- _Records provided_
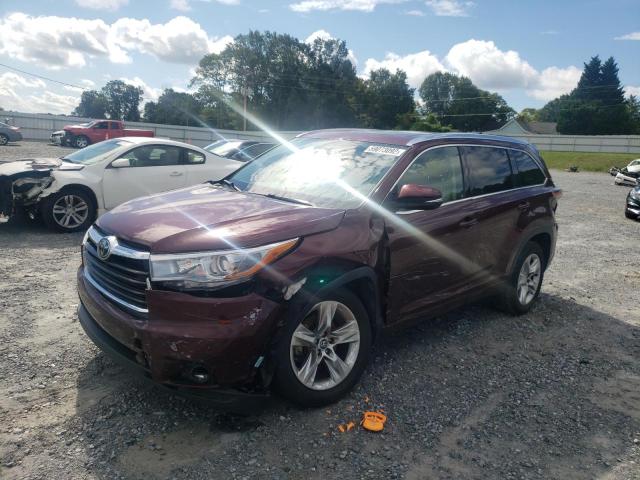Photo 2 from auction – 2016 TOYOTA HIGHLANDER with VIN 5TDYKRFH8GS156051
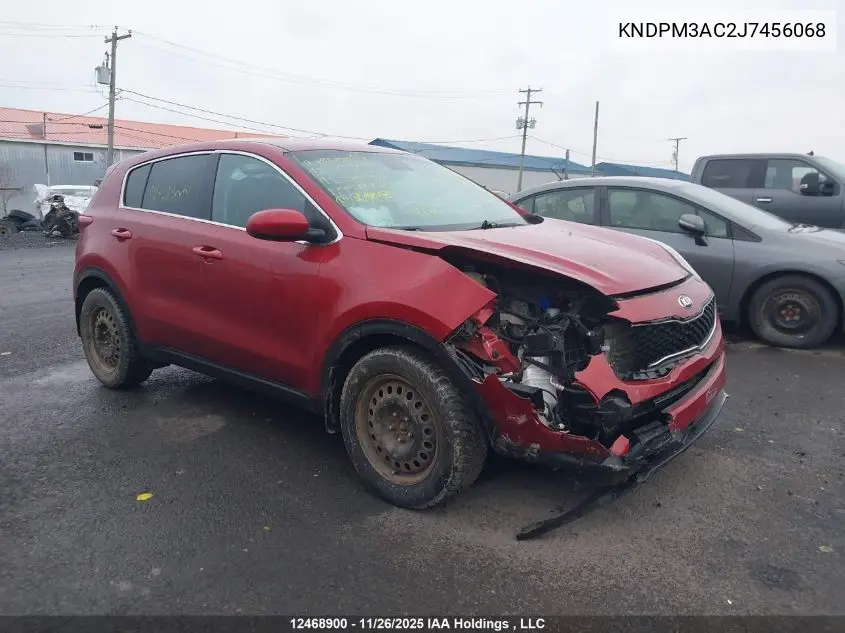 KNDPM3AC2J7456068 2018 Kia Sportage Lx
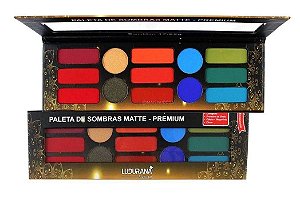Ludurana -  Paleta de Sombras Matte Premium 13 Cores M00036 - Kit com 12 Unid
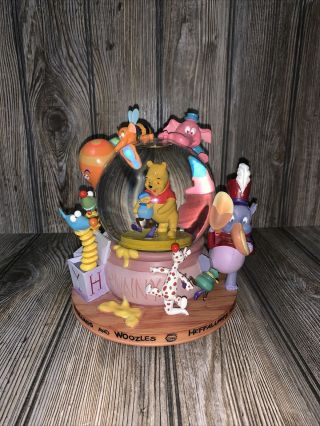 Disney Winnie The Pooh Snowglobe With Music Heffalumps And Woozles Shepard Milne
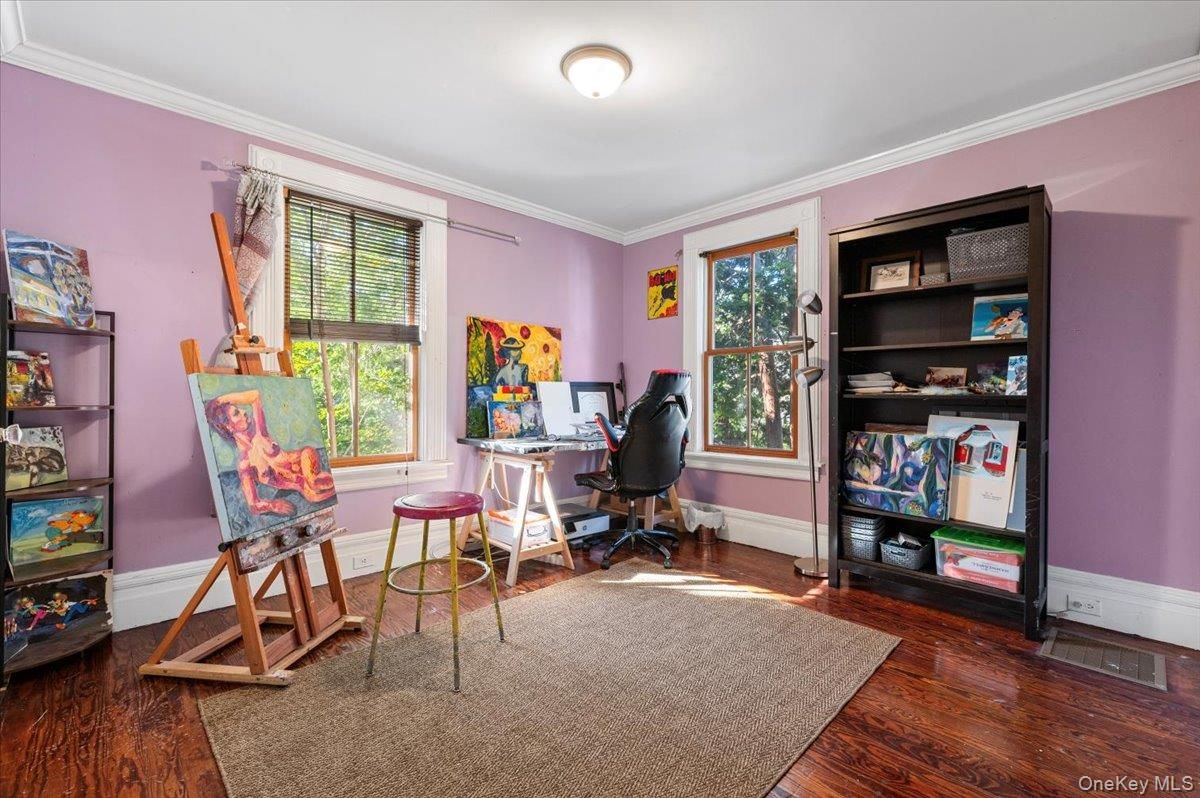 Home Office, Interior, Wood Texture Flooring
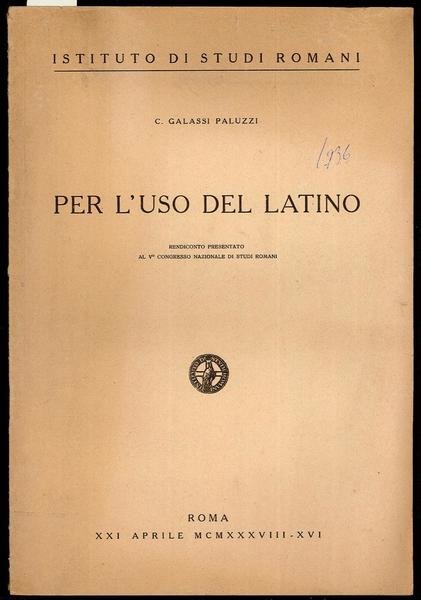 Per l'uso del latino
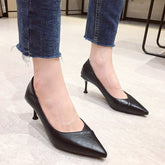 Women's High Pointed Toe Stiletto Low-cut Heels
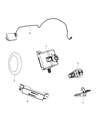 Diagram for 2013 Jeep Grand Cherokee Antenna - 68061763AD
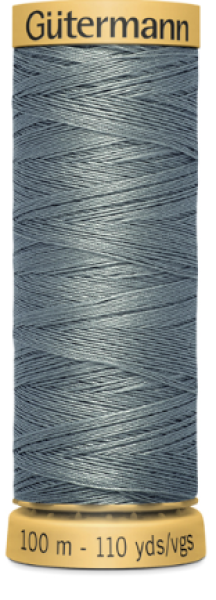 Nähgarn naturreine Baumwolle 100m Fb. 5705 Anthrazit grau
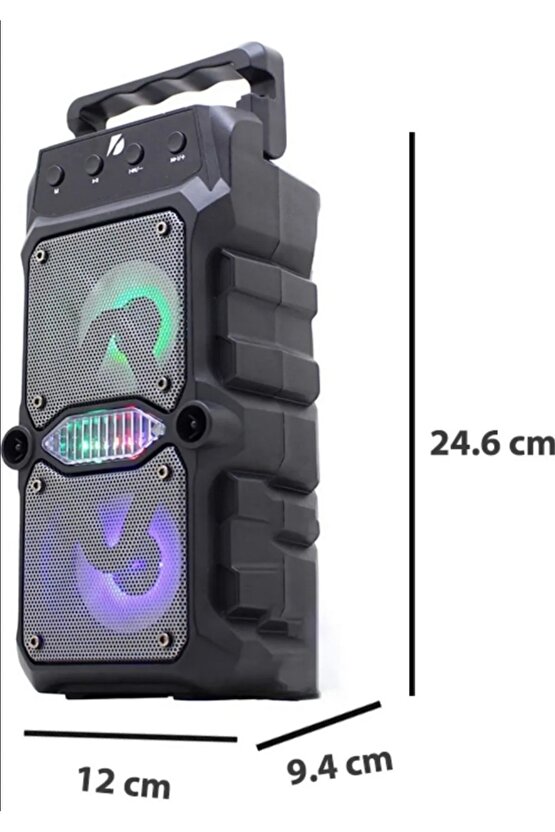BLUETOOTH SPEAKER KABLOSUZ ŞARJLI HOPARLÖR LED IŞIKLI PARTY BOX SES BOMBASI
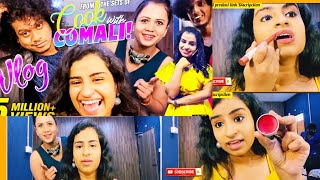 super singer sivaangi from the set of cook with comali makeup Fun Vlog 😂| @bulgartsstart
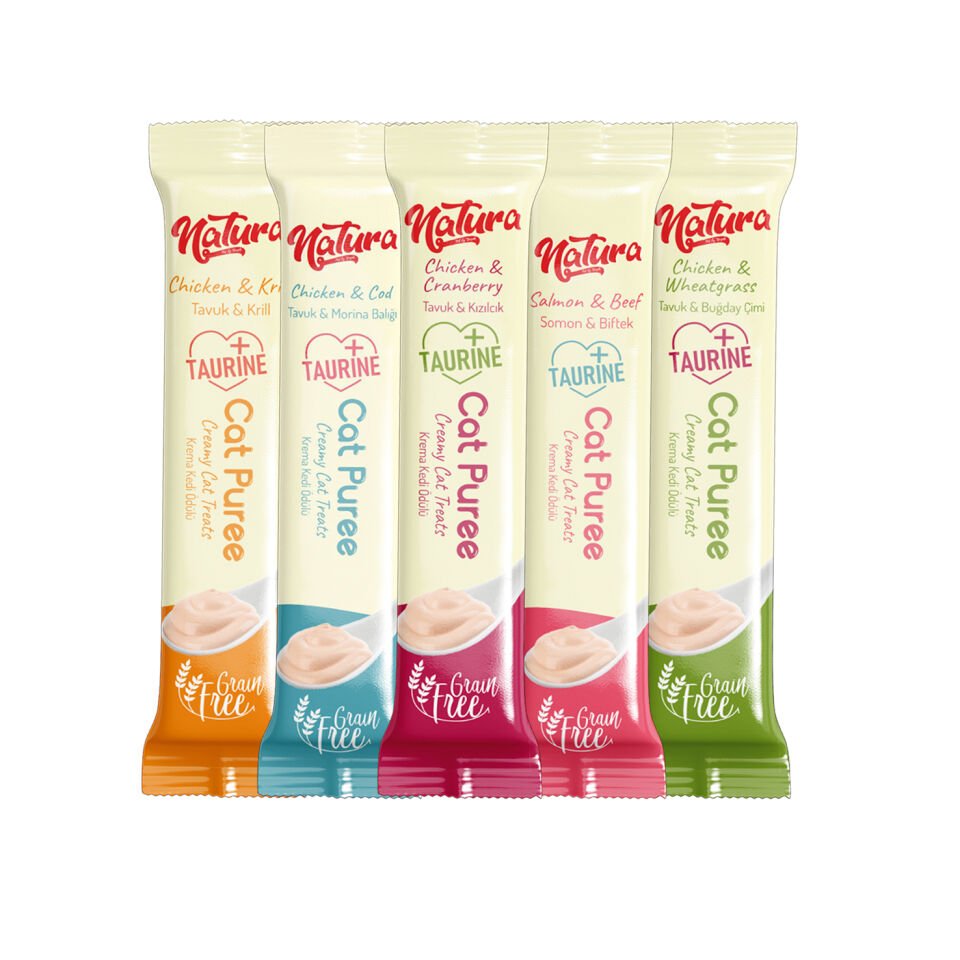 Natura Cat Puree Mix 5x12gr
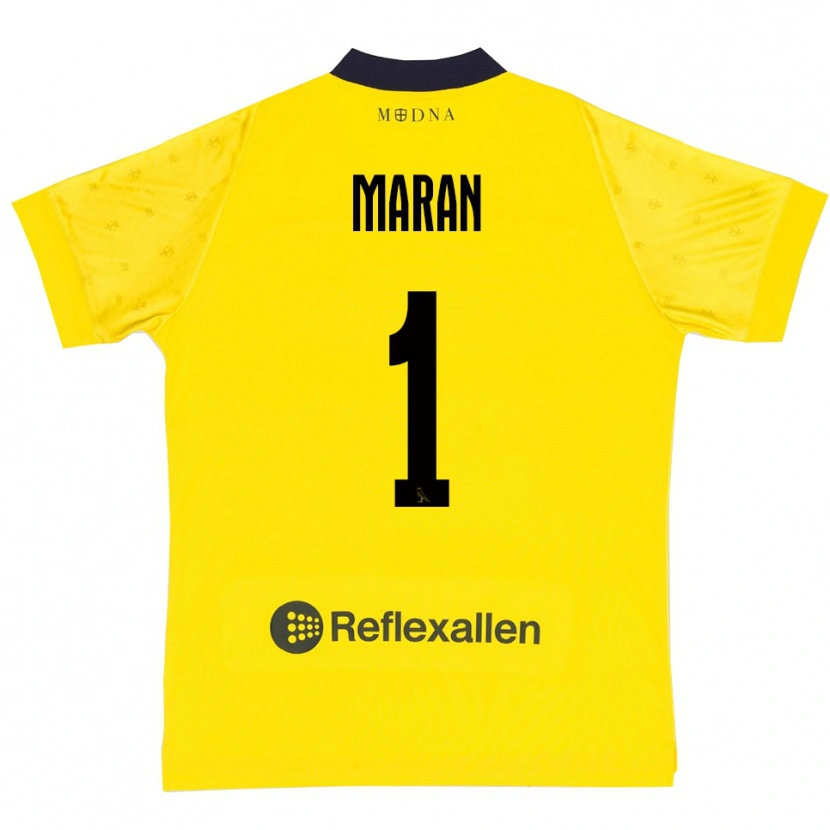 Danxen Dětské Andrea Maran #1 Žlutá Tmavě Modrá Domů Hráčské Dresy 2025/26 Dres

- _About this task_
Quote each line of the listing exactly, but leave the pictures out.

- _Expected answer_
Photo 2 from auction – 2016 TOYOTA HIGHLANDER with VIN 5TDYKRFH8GS156051
 KNDPM3AC2J7456068 2018 Kia Sportage Lx
Ludurana -  Paleta de Sombras Matte Premium 13 Cores M00036 - Kit com 12 Unid
 Disney Winnie The Pooh Snowglobe With Music Heffalumps And Woozles Shepard Milne
 Home Office, Interior, Wood Texture Flooring
 Per l'uso del latino
 Women's High Pointed Toe Stiletto Low-cut Heels
 Diagram for 2013 Jeep Grand Cherokee Antenna - 68061763AD
 Nähgarn naturreine Baumwolle 100m Fb. 5705 Anthrazit grau
BLUETOOTH SPEAKER KABLOSUZ ŞARJLI HOPARLÖR LED IŞIKLI PARTY BOX SES BOMBASI
 super singer sivaangi from the set of cook with comali makeup Fun Vlog 😂| @bulgartsstart
 Natura Cat Puree Mix 5x12gr
 Danxen Dětské Andrea Maran #1 Žlutá Tmavě Modrá Domů Hráčské Dresy 2025/26 Dres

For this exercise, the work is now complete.